(Information provided begins)

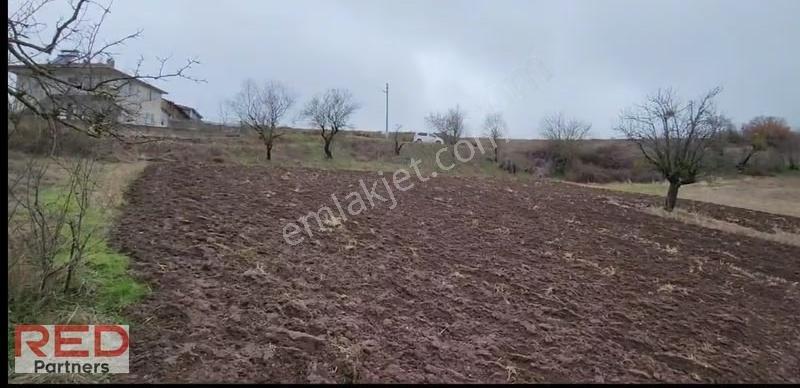 Bilecik Gölpazarı Sürmeli Köyü Yatırımlık 1.823 M² Arsa İmarlı - Görsel 2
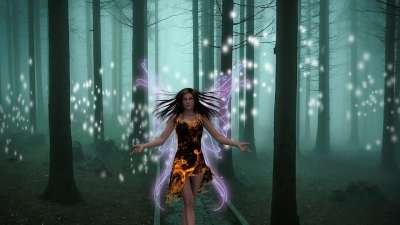幻想 景观 仙女 女士 森林 幻想风景 树木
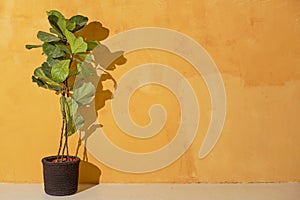 Plant indoors on a yellow wall background. On the wall is a beautiful shadow from the leaves. beautiful leaves of ficus lyrate.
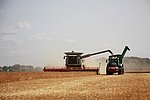 Symbolbild Landwirtschaft
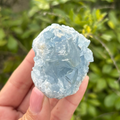 Celestite (aka Celestine) Specimen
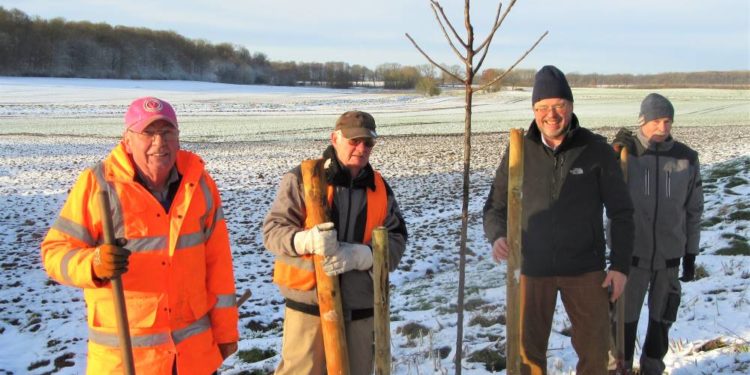 2. Baumpflanzaktion in Steinhorst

(Information provided ends)

- **Task**
Starting at the line with "Plant indoors on", write out every line exactly through the final line of the records above, both included, and skip the pictures.

- **Output for this exercise**
 Plant indoors on a yellow wall background. On the wall is a beautiful shadow from the leaves. beautiful leaves of ficus lyrate.
 Symbolbild Landwirtschaft
 Celestite (aka Celestine) Specimen
 2. Baumpflanzaktion in Steinhorst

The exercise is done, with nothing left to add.